From Iceland — Court Rules Gov't Cannot Impose Quarantine Hotel Stay, Few Leave Anyway

Court Rules Gov’t Cannot Impose Quarantine Hotel Stay, Few Leave Anyway

Published April 6, 2021

Andie Sophia Fontaine
Photo by
Art Bicnick

A government measure that went into effect April 1st, which compelled anyone arriving in Iceland from countries where the 14-day incidence of COVID-19 infection exceeds 500 per 100,000 population to stay in Fosshótel Reykjavík between screenings, has been ruled by Reykjavík District Court to have no legal ground to compel people who have legal residence in Iceland to stay in this hotel, RÚV reports. Nonetheless, in the wake of the ruling, few people have opted to leave the hotel.

The Minister of Health and the chief epidemiologist contended that they had the legal authority for this action, and that it did not go farther than necessary for ensuring public health, the decision itself being made in light of multiple reports of people breaking quarantine. Chief epidemiologist Þórólfur Guðnason has expressed disappointment with the ruling, and will appeal the matter to Appellate Court.

The basis for the complaints put before the court was that the five-day hotel stay constituted “unlawful detainment”. The ruling was specifically applied to people with legal residence in Iceland, and judge Skúli Magnússon told reporters that no other circumstances were taken into consideration, e.g., people visiting Iceland who do not have legal residence here.

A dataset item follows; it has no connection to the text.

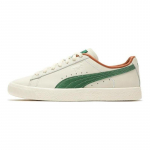 PUMA Clyde 50 FG Unisex Madalad Nahast Tennised Valge Roheline 391135-01 EU 36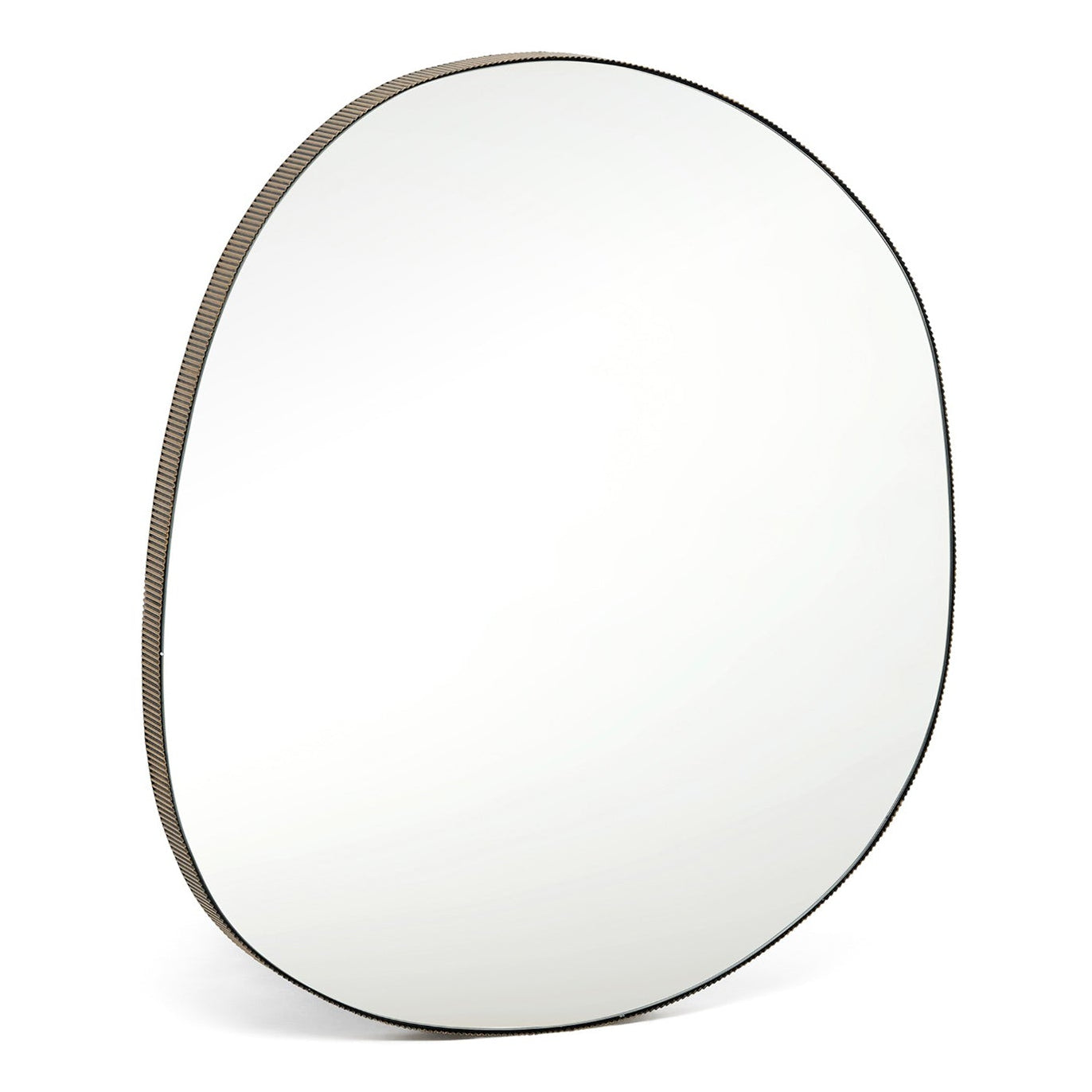Interlude Home Camille Gilded Brass Organic Mirror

The next step will be for the government to reconvene on the issue. If they want to continue to employ the quarantine hotel strategy, they will need to change current regulations. It may also require Parliament passing a new law.

Despite the ruling, Gylfi Þór Þorsteinsson, who is the supervisor of the quarantine hotel, told reporters that only 15 people to whom the ruling applies opted to check out and complete their quarantine at home. This was despite the fact that everyone was informed of the ruling personally by hotel staff.

The ball is now in the government’s court to see what, if any, new action they will take to either make the quarantine hotel legal, or to come up with another option.